What you need to do
Copy exactly the stretch of data below from the line with "Louisville vs Boston" through the line with "Bulfyss Side Scraper", including both of those lines.

Study material
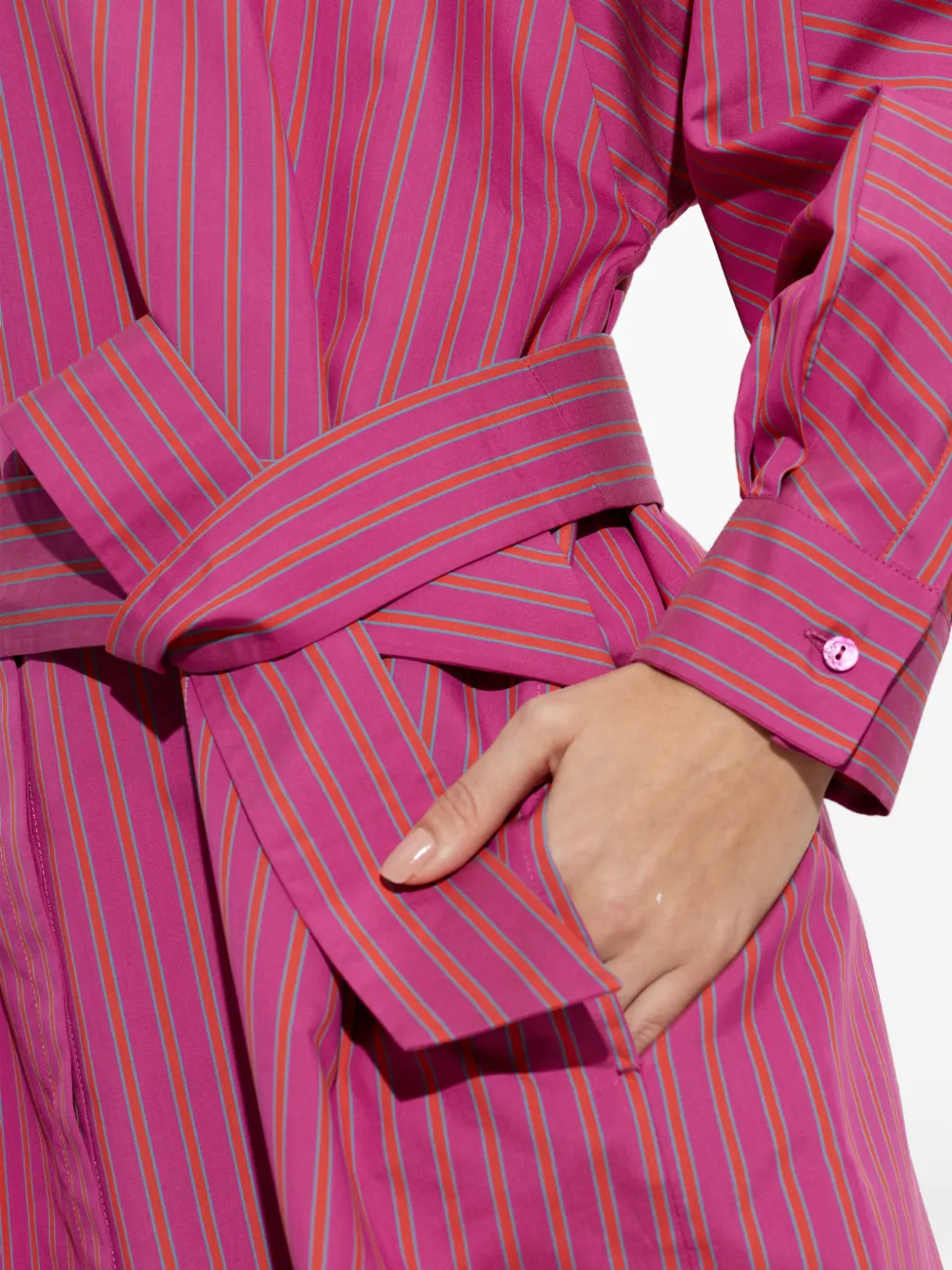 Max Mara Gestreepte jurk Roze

...

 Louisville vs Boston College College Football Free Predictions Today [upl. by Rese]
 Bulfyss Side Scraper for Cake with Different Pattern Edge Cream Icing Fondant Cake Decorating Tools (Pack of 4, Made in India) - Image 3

==

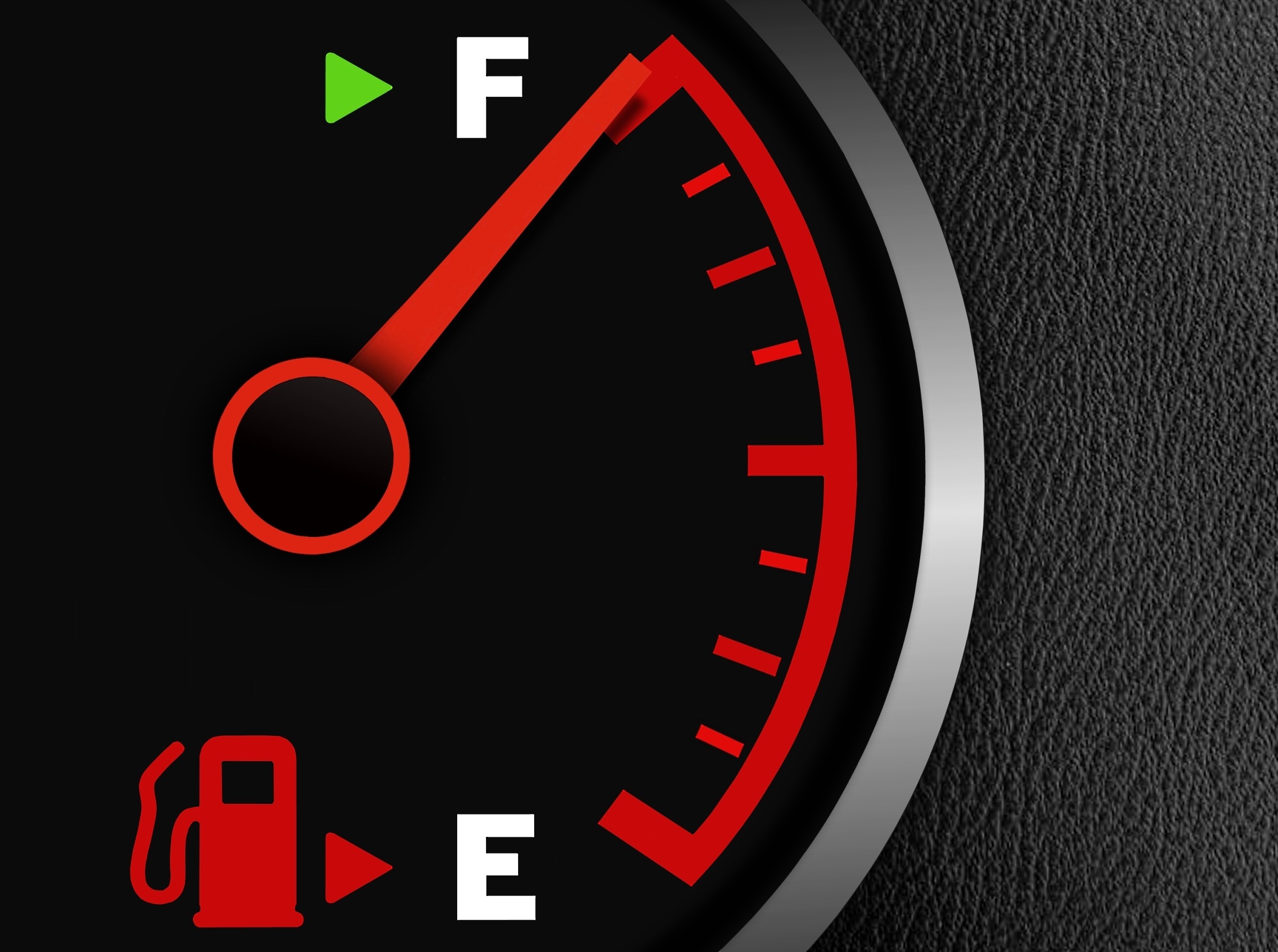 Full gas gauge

Written solution
 Louisville vs Boston College College Football Free Predictions Today [upl. by Rese]
 Bulfyss Side Scraper for Cake with Different Pattern Edge Cream Icing Fondant Cake Decorating Tools (Pack of 4, Made in India) - Image 3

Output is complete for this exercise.